What you have to do
Once the pictures are set aside, reproduce all of the records exactly.

BEGIN Extracted entries

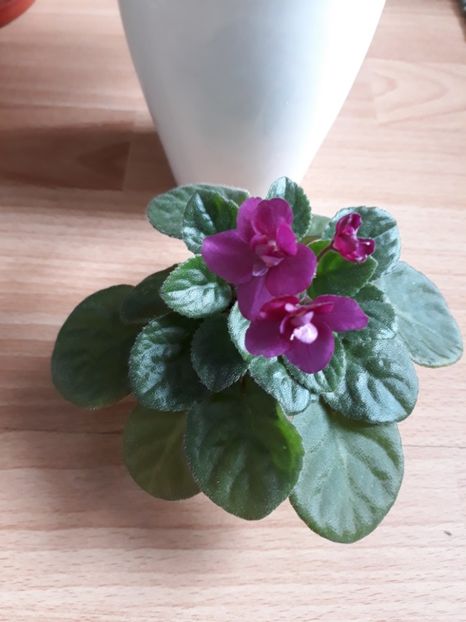 Violete Africane - Violete Africane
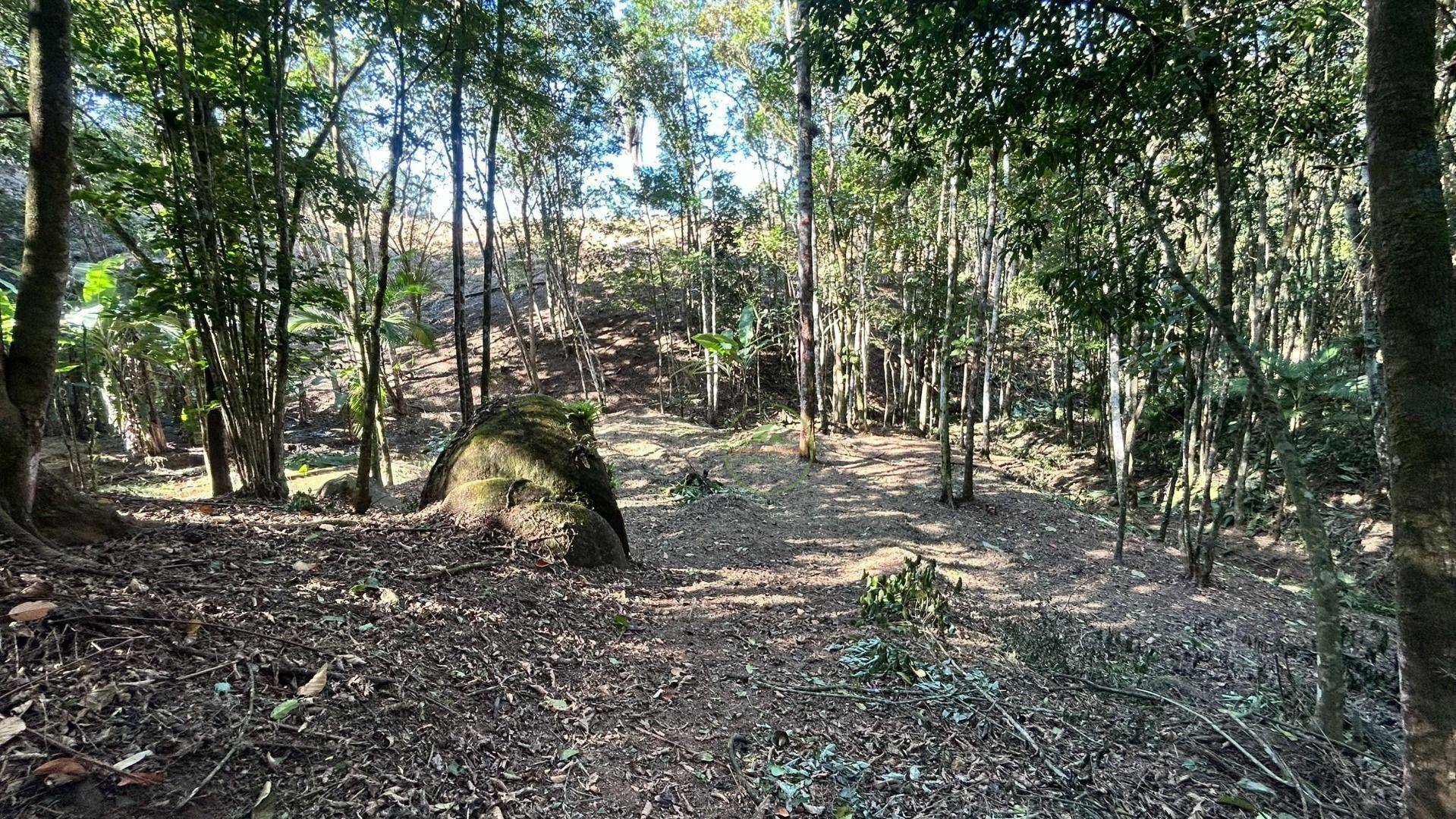 Terreno, 10000 m² - Foto 14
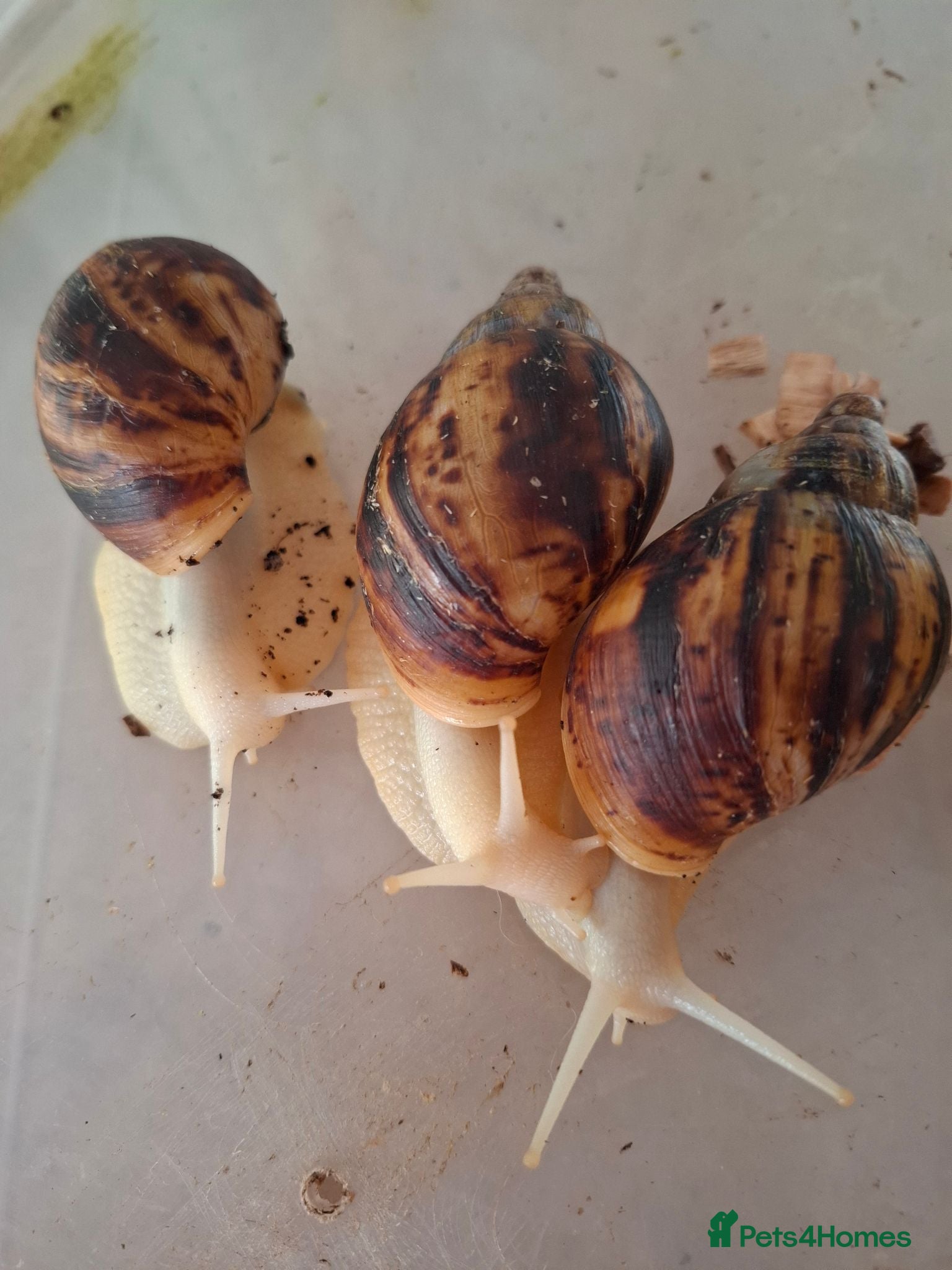 Snails invertebrates Giant African Land Snail one year old - Advert 5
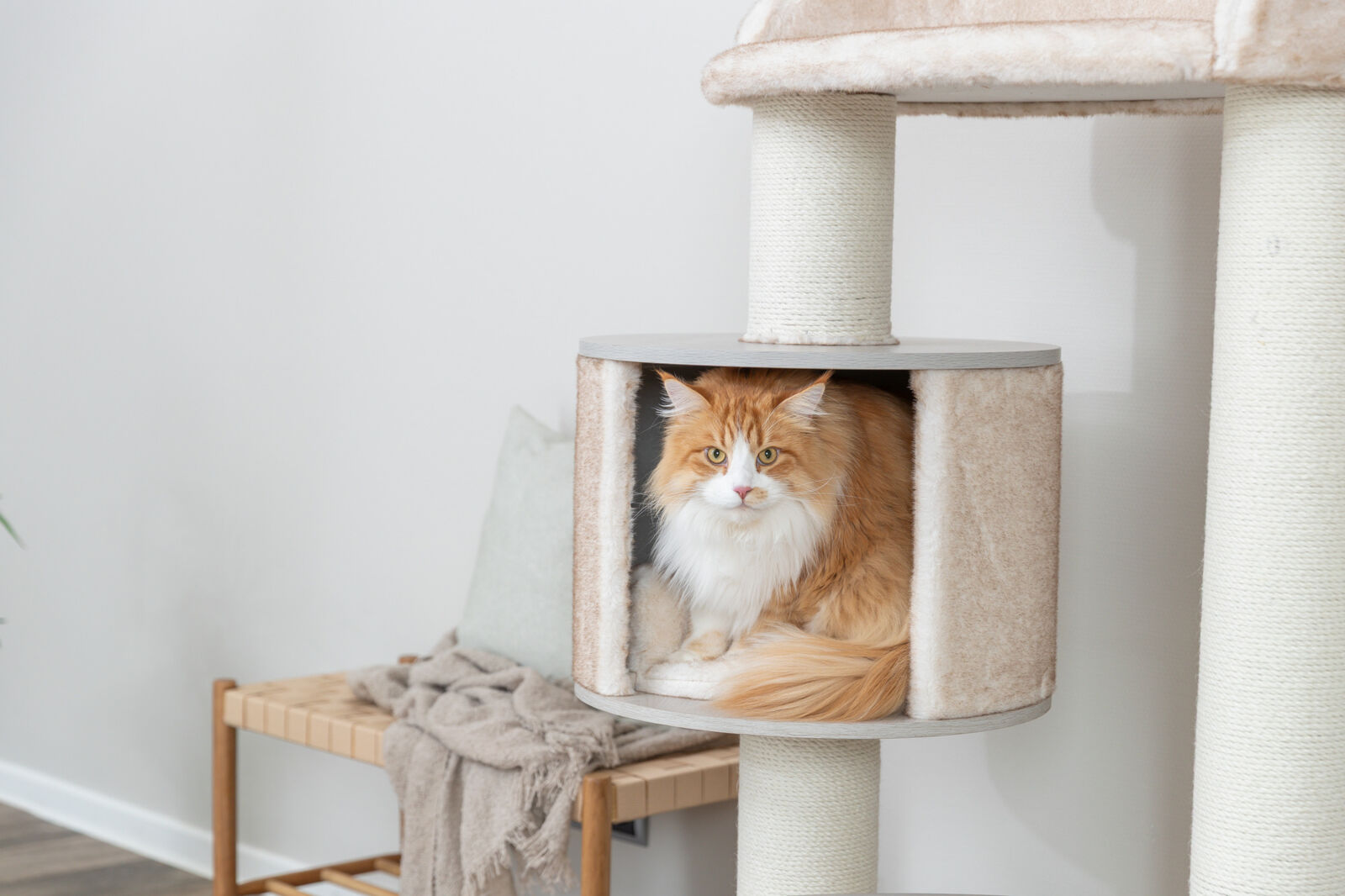 Klara Cat Tree XXL - Cream - Image 5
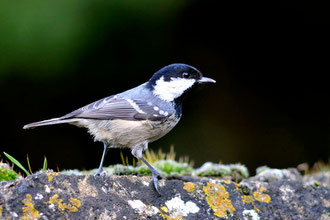 Mésange noire - Buxerolles (86) - Décembre 2008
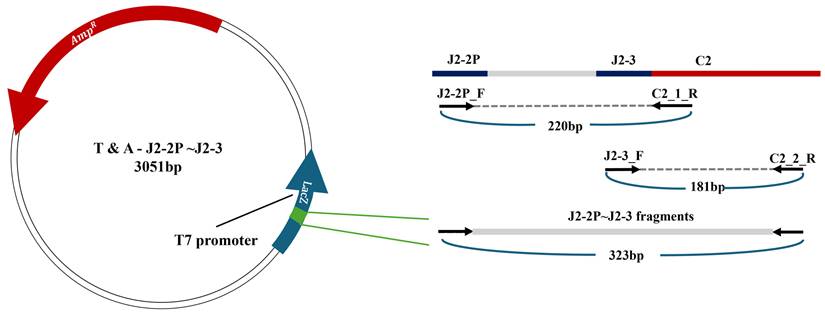 J Cancer Image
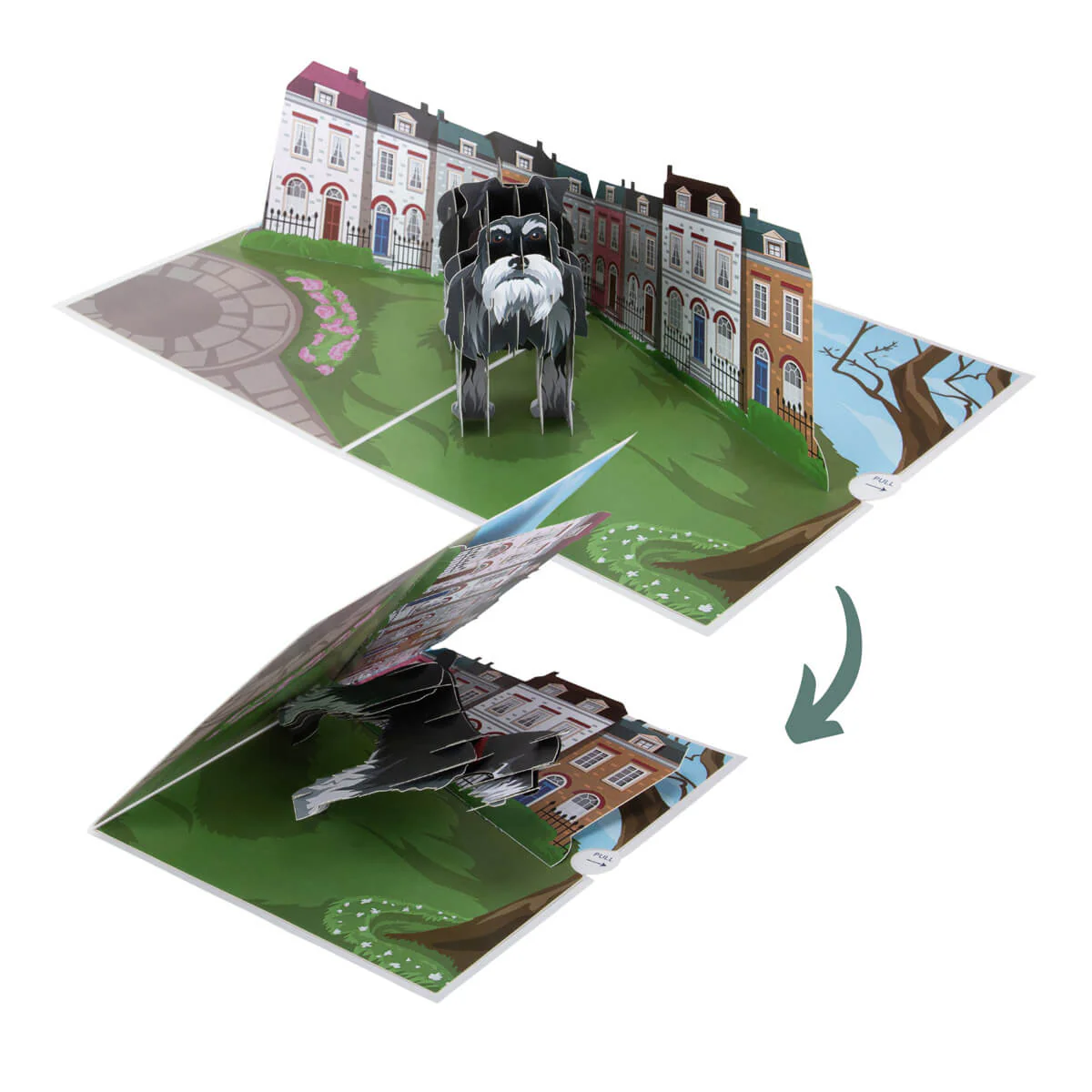 Miniature Schnauzer Pop Up Card - Image 6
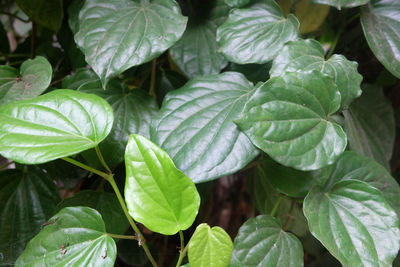 High angle view of green leaves on plant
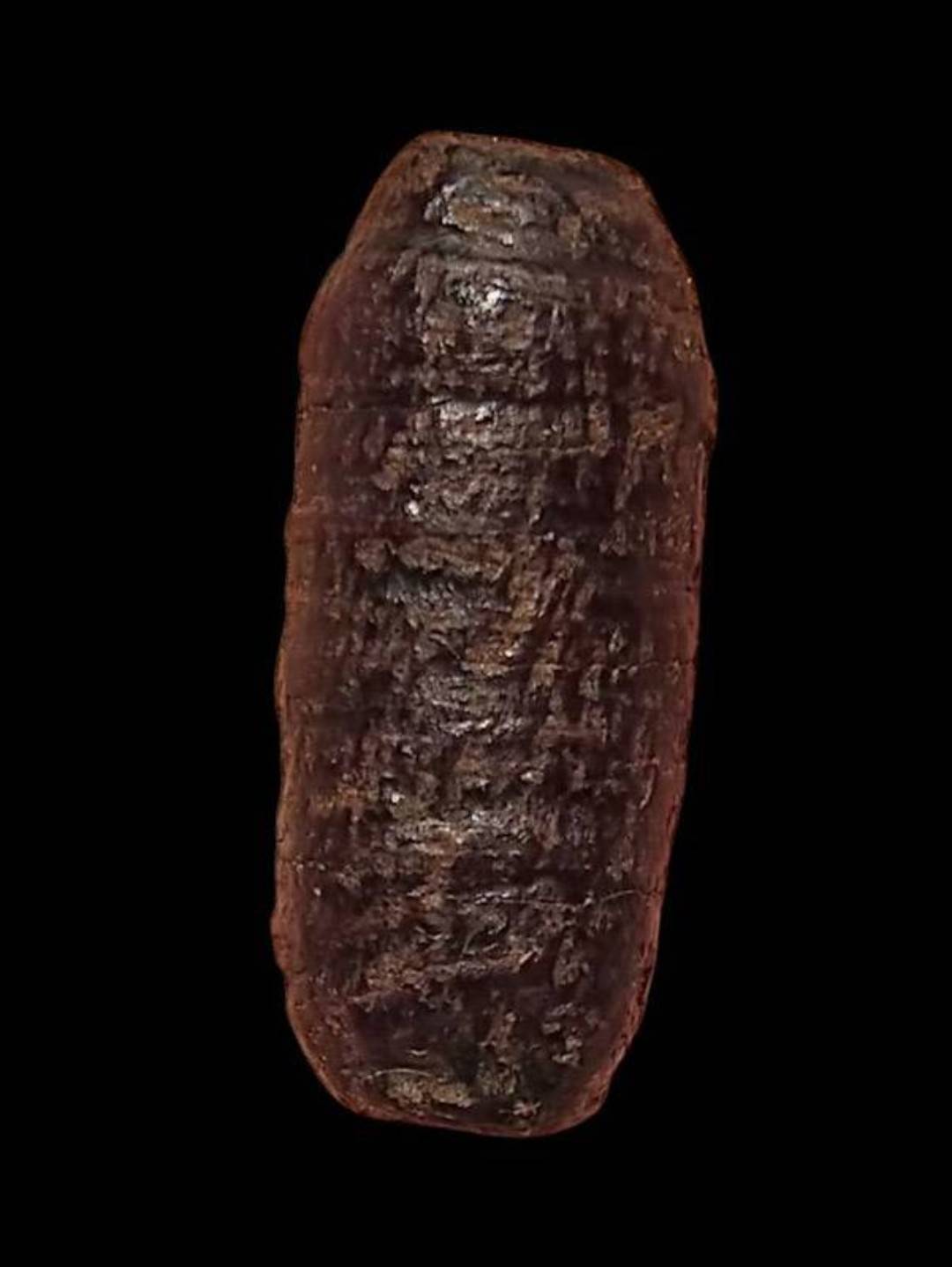 ตะกรุดหนังหน้าผากเสือ ลป.บุญ วัดกลางฯ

END Extracted entries

Completed task
 Violete Africane - Violete Africane
 Terreno, 10000 m² - Foto 14
 Snails invertebrates Giant African Land Snail one year old - Advert 5
 Klara Cat Tree XXL - Cream - Image 5
 Mésange noire - Buxerolles (86) - Décembre 2008
 J Cancer Image
 Miniature Schnauzer Pop Up Card - Image 6
 High angle view of green leaves on plant
 ตะกรุดหนังหน้าผากเสือ ลป.บุญ วัดกลางฯ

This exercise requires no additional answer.